Seqanswers Leaderboard Ad

Collapse

Announcement

Collapse
No announcement yet.
X
 
  • Filter
  • Time
  • Show
Clear All
new posts

  • mirTools with 454 Data for non coding Rna analysis

    Hy Everybody,
    it's my first post. I want to thanks you from the italian scientific community for your wonderful work in this forum.
    I have a question to ask you. I'm a 454 user and i have a file with singleton sequences generated with 'sfffile' and converted in "singleton.fna". I try to put this file in "mirTools" but it doesn't accept this file. So i modified the file like this:
    >sample_1_x58
    ACAGGCGGACACACACACACACACACACACACACACACACACACACTACAACACAGTA
    >sample_2_x160
    CTCACACAGTTATACACAGATTTACACACACAATACACCTACACACACATGCTTATACAC
    ACCACTCAACACAAGTTACCTAACTACAATAATTATC
    >GIK1EHM01D82G8_x145
    GTTTGAGAGGGTGATGATAAGAAGCTTGCGCAGTGGCTCACGCCTGTAATCCCAGCACTT
    TGGGAGGCCAAGGCAGGTGGATTGCCTGAGCTCAGGAGTTTGAGACCAGCCTGAGCAACA
    TGGAAAATCCCATCTCTAAAAATAC
    >GIK1EHM01A3PID_x74
    GGTAACTTTGTGTTGATGTGGGCGAGTGTGGGCAGATGGGAAGCTGTGGTGTGGGGCGAG
    TGTGGGCAGATGGG......etc.etc.

    and it seems to accept this format. The problem is that the originary file contains more than 400.000 sequences and modify it manually is impossible. Is there any script action like sed or grep to delete all the words following by ">name" without delete all the words in the row? Ex:

    from this unaccepted format:
    >GIK1EHM01A0TLT length=84 xy=0302_1103 region=1 run=R_2010_06_08_08_48_07_
    GTGTTTCTGTGTGGAGGTGTGTCTCTGTGGTGTGTGTGTCTGTGTGGGTGTACGTGTGTC
    TCTGTCTGTGGTGTGTGTGTCTGT

    to this accepted format
    >GIK1EHM01A0TLT_x84
    GTGTTTCTGTGTGGAGGTGTGTCTCT...................

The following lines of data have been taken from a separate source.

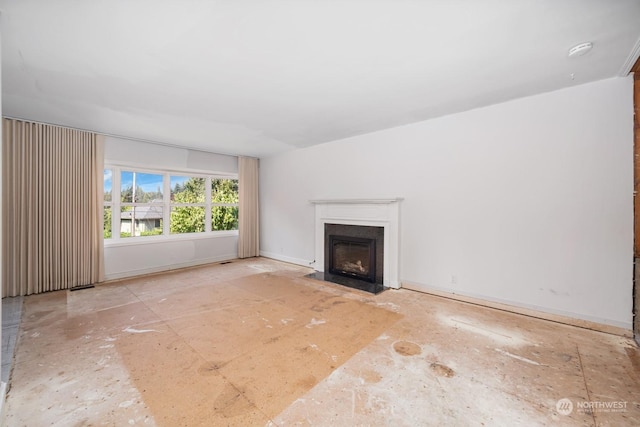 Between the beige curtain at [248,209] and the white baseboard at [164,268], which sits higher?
the beige curtain at [248,209]

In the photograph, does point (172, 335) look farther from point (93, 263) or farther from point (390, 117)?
point (390, 117)

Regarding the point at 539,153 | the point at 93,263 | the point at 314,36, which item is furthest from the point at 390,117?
the point at 93,263

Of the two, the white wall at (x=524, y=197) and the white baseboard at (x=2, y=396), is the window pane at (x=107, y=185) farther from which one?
the white wall at (x=524, y=197)

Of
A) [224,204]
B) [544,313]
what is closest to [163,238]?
[224,204]

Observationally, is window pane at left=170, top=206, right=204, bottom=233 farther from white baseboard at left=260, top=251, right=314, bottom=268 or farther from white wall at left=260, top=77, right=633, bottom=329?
white wall at left=260, top=77, right=633, bottom=329

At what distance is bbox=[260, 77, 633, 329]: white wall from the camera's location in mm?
2578

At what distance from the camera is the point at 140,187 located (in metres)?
4.94

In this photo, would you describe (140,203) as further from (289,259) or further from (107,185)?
(289,259)

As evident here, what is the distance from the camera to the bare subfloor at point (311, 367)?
1.61m

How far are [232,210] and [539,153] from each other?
5662 mm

    I hope you can help me, i'll try all the way. Waiting for your answer
    Thank you very much

    Giorgio

  • #2
    You have this:

    Code:
    >GIK1EHM01A0TLT length=84 xy=0302_1103 region=1 run=R_2010_06_08_08_48_07_
    GTGTTTCTGTGTGGAGGTGTGTCTCTGTGGTGTGTGTGTCTGTGTGGGTG TACGTGTGTC
    TCTGTCTGTGGTGTGTGTGTCTGT
    Referring to http://222.73.178.238/mirtools/help.php if you use this you are telling mirTools this read occurred 84 times:

    Code:
    >GIK1EHM01A0TLT_x84
    GTGTTTCTGTGTGGAGGTGTGTCTCTGTGGTGTGTGTGTCTGTGTGGGTG TACGTGTGTC
    TCTGTCTGTGGTGTGTGTGTCTGT
    You need to use the read count, which is probably one, when renaming the read:

    Code:
    >GIK1EHM01A0TLT_x1
    GTGTTTCTGTGTGGAGGTGTGTCTCTGTGGTGTGTGTGTCTGTGTGGGTG TACGTGTGTC
    TCTGTCTGTGGTGTGTGTGTCTGT
    Do you know any scripting languages? e.g. Perl or Python

    This Biopython script will probably do what you want...

    Code:
    from Bio import SeqIO
    input_fasta = "original.fasta"
    output_fasta = "fixed.fasta"
    def fix_for_mirtools(records):
        for record in records:
            record.description=""
            record.id += "_x1"
            yield record
    records = SeqIO.parse(input_fasta, "fasta")
    count = SeqIO.write(fix_for_mirtools(records), output_fasta, "fasta")
    print "Saved %i records" % count
    Last edited by maubp; 10-11-2010, 05:23 AM.

    Comment


    • #3
      Thank you for your answer.
      I know a little bit Python, ill' try with your suggests. I hoped that exists something similar for linux cos it's diffcult to use Python.

      Comment


      • #4
        Originally posted by Giorgio C View Post
        Thank you for your answer.
        I know a little bit Python, ill' try with your suggests. I hoped that exists something similar for linux cos it's diffcult to use Python.
        Python works fine on Linux - or did you mean you would like a command line based solution?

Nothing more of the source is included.